◆ Problem to work on
Every line of the records below from the line with "英超夏窗已官宣签约数：曼联5笔交易领跑，阿森纳仅1人" up to and including the line with "Modello di follow-up" must be reproduced exactly, and no line outside that range.

◆ Recorded information

++++

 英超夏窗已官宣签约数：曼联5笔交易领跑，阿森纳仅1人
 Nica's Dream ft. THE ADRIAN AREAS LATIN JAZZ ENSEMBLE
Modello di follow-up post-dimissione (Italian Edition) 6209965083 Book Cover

++++

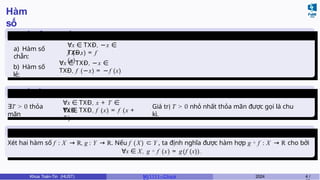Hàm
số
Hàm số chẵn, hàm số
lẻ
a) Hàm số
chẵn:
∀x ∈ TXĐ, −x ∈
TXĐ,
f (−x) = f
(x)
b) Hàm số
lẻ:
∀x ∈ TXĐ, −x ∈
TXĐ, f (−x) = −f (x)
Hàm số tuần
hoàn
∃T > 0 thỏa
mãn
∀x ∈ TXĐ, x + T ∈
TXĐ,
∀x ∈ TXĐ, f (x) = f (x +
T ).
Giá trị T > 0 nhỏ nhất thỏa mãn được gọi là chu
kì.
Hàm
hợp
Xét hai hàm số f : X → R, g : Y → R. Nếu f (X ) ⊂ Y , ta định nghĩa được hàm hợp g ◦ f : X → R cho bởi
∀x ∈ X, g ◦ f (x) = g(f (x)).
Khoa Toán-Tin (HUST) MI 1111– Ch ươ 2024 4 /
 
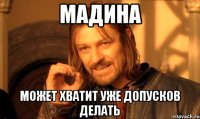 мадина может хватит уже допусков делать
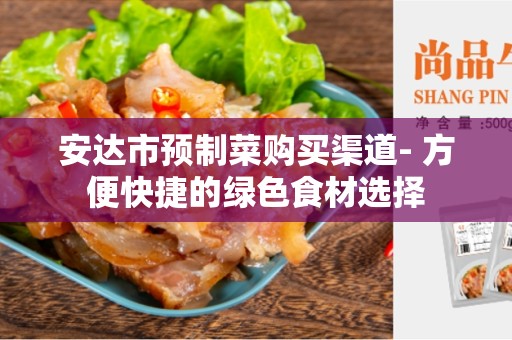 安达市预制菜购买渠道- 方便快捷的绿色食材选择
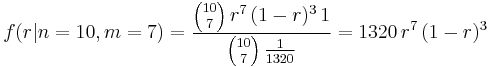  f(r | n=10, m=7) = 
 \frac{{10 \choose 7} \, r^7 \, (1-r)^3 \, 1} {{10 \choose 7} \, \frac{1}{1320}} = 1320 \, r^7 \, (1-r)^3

++++

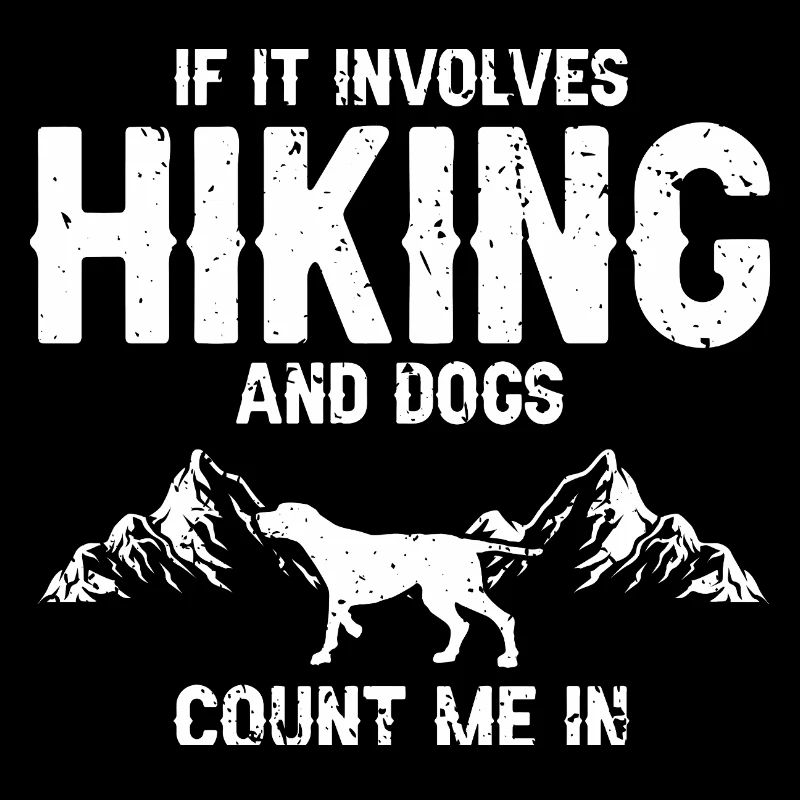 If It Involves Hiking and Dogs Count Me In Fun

++++

◆ Exercise result
 英超夏窗已官宣签约数：曼联5笔交易领跑，阿森纳仅1人
 Nica's Dream ft. THE ADRIAN AREAS LATIN JAZZ ENSEMBLE
Modello di follow-up post-dimissione (Italian Edition) 6209965083 Book Cover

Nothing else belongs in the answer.